Task material:
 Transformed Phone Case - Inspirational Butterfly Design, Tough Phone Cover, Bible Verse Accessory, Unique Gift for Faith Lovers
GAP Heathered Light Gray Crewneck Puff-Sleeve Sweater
...
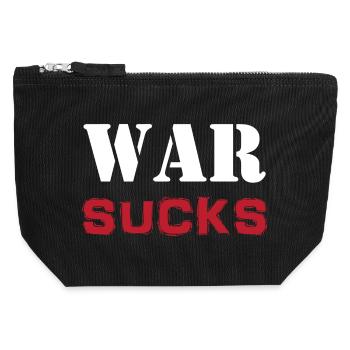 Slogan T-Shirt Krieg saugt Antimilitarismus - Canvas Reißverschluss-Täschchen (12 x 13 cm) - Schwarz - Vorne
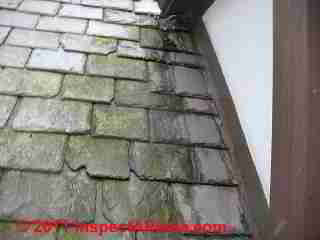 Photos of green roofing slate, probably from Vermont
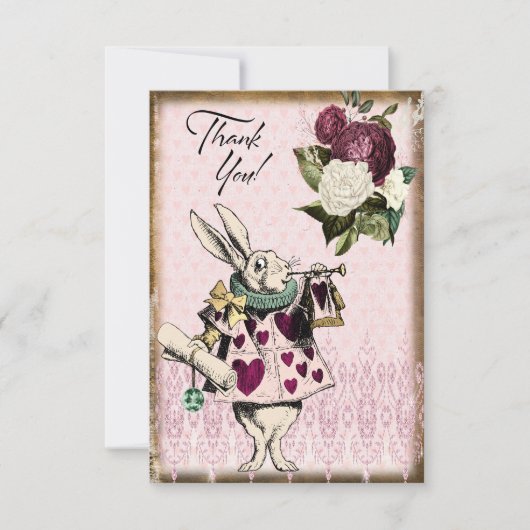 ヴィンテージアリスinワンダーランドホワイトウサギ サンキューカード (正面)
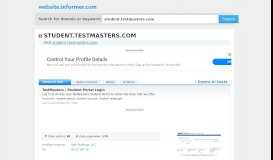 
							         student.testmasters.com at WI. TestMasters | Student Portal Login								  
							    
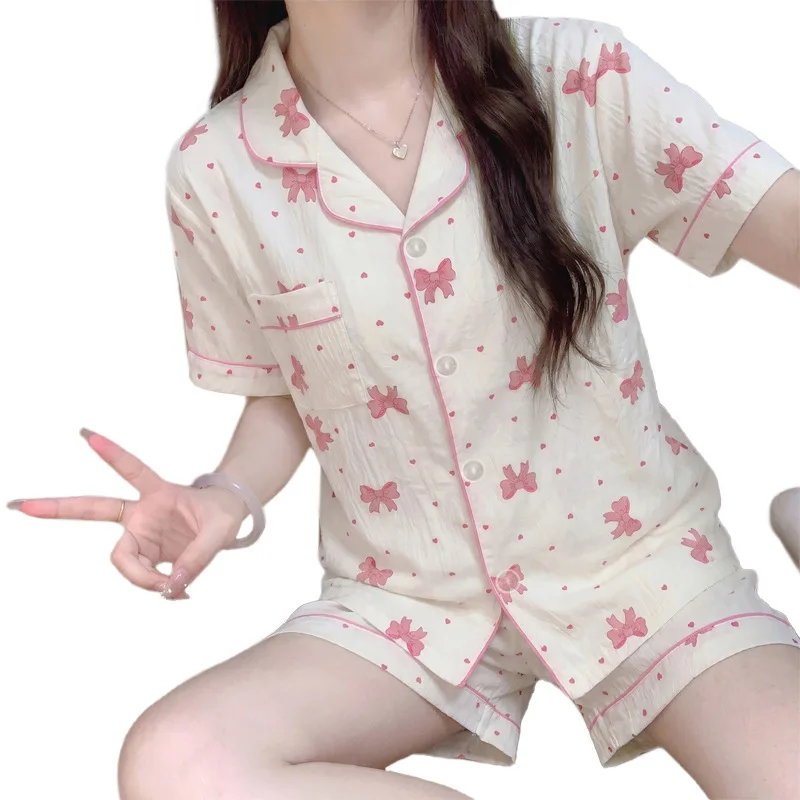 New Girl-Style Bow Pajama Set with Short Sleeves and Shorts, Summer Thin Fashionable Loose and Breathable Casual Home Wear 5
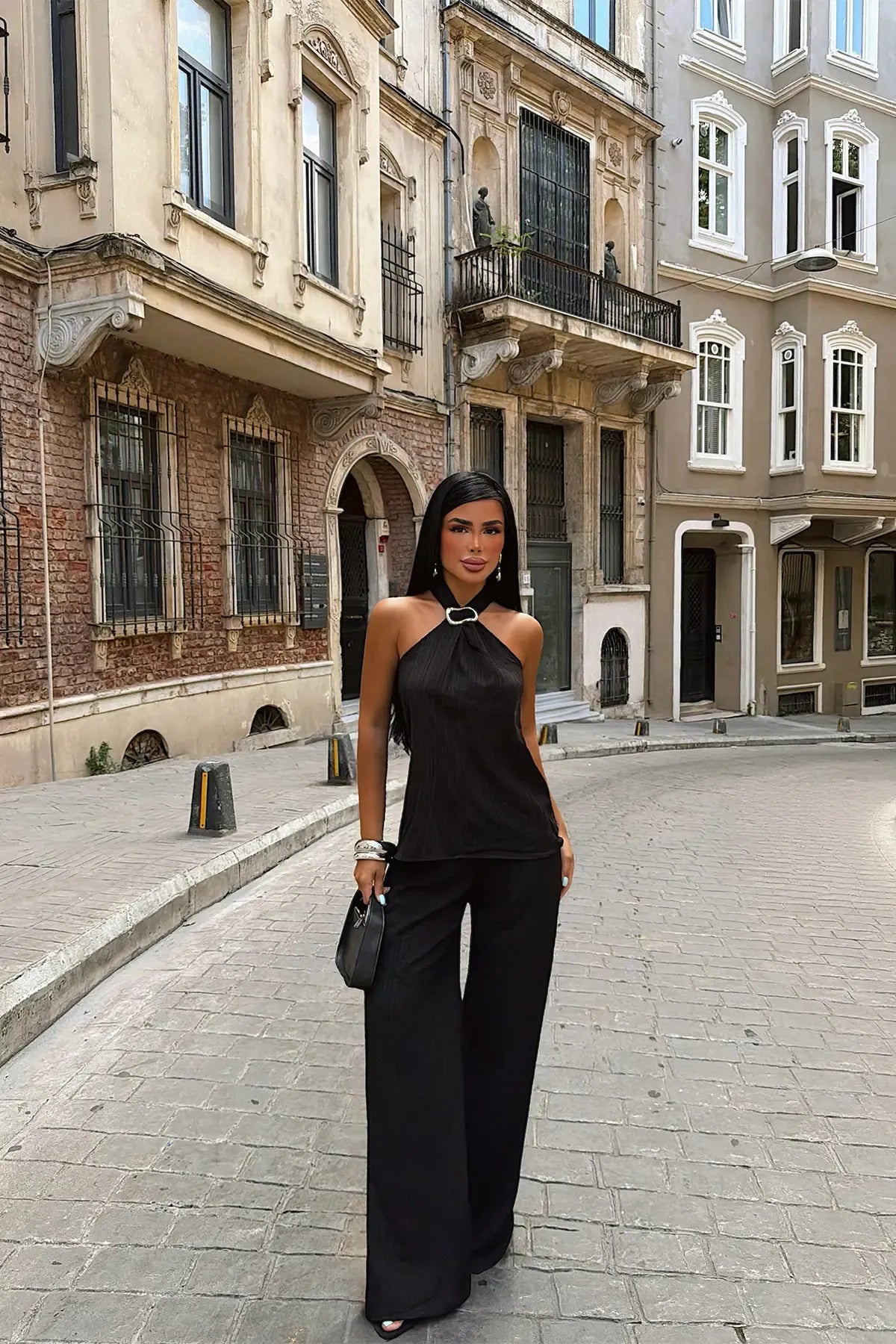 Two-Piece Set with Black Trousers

Requirement: Taking the entries above, extract every line from the one bearing "Photos of green" through the one bearing "Two-Piece Set with Black Trousers", exactly, with no pictures.

Response below:
 Photos of green roofing slate, probably from Vermont
 ヴィンテージアリスinワンダーランドホワイトウサギ サンキューカード (正面)
							         student.testmasters.com at WI. TestMasters | Student Portal Login								  
							    
 New Girl-Style Bow Pajama Set with Short Sleeves and Shorts, Summer Thin Fashionable Loose and Breathable Casual Home Wear 5
 Two-Piece Set with Black Trousers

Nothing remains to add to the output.